## TASK TO COMPLETE
Starting at the line that contains "PocketWizard AC-3 Zone Controller for Canon", repeat each line of the listing below through the last one, exactly, and leave out every picture.

(DATA EXTRACT)

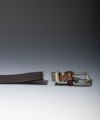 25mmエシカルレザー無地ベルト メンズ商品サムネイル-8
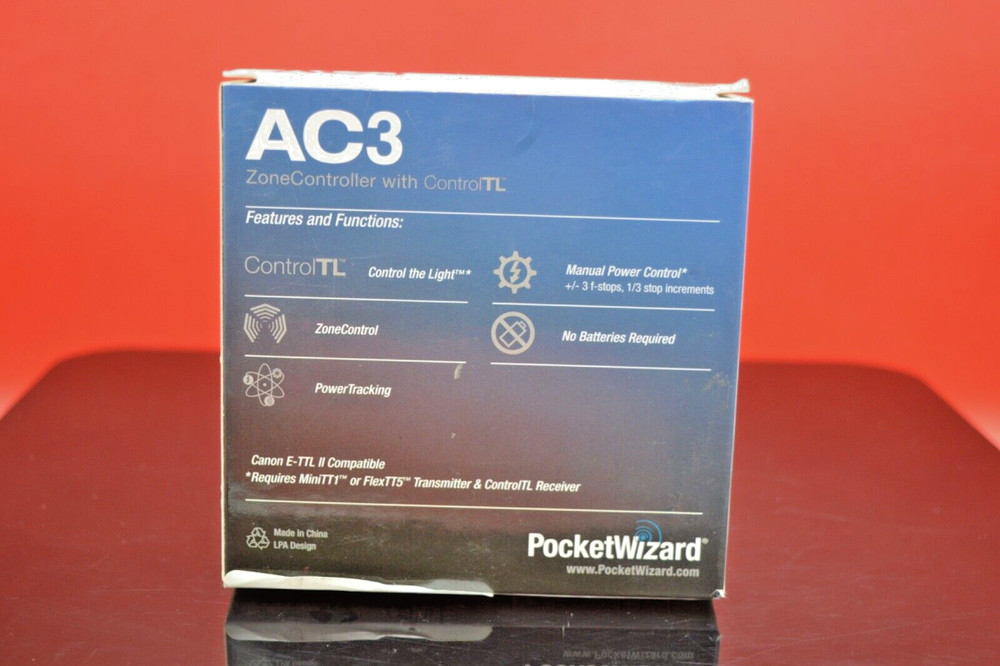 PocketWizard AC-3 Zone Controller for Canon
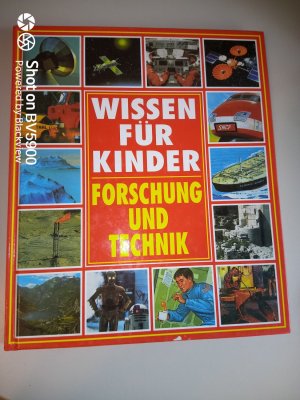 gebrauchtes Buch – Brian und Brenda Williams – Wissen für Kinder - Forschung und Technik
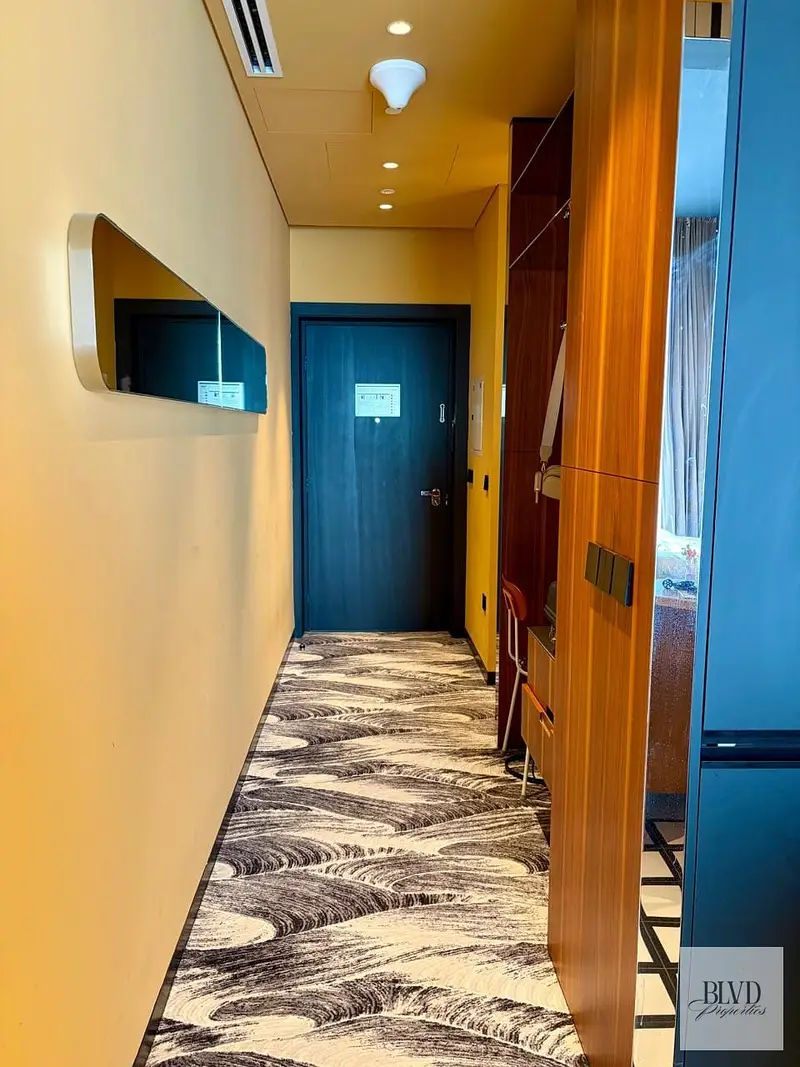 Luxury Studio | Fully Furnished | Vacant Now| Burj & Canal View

(End DATA EXTRACT)

## TASK ANSWER
 PocketWizard AC-3 Zone Controller for Canon
 gebrauchtes Buch – Brian und Brenda Williams – Wissen für Kinder - Forschung und Technik
 Luxury Studio | Fully Furnished | Vacant Now| Burj & Canal View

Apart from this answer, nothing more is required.